WORK REQUIRED: Work out how many lines of the listing below include the string "Flag", and give that number alone.

TASK INPUTS:
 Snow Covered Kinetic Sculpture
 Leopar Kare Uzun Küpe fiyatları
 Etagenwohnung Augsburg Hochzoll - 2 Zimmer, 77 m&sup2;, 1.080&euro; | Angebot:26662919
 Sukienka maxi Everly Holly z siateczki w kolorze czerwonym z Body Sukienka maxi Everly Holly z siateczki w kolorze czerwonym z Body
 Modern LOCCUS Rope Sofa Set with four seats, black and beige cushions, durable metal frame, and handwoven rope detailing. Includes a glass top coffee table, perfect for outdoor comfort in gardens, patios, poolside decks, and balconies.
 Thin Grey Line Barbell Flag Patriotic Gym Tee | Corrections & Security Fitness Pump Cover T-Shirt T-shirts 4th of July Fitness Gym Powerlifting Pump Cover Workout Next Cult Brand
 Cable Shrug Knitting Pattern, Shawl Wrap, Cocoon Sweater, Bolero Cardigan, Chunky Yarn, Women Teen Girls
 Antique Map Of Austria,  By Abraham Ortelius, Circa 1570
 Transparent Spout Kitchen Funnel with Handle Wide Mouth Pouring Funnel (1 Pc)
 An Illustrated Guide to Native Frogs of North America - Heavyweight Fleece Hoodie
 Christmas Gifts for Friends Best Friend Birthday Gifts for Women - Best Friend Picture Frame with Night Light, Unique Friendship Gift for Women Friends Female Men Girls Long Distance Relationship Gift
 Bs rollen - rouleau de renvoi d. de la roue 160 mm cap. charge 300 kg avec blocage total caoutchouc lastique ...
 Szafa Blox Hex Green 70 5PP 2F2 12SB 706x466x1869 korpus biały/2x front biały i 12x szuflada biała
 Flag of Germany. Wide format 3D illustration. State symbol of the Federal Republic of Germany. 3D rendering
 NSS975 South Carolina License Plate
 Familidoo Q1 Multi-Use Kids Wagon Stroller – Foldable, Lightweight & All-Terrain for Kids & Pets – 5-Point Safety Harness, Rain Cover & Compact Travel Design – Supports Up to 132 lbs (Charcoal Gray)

RESULT OF THE TASK: 2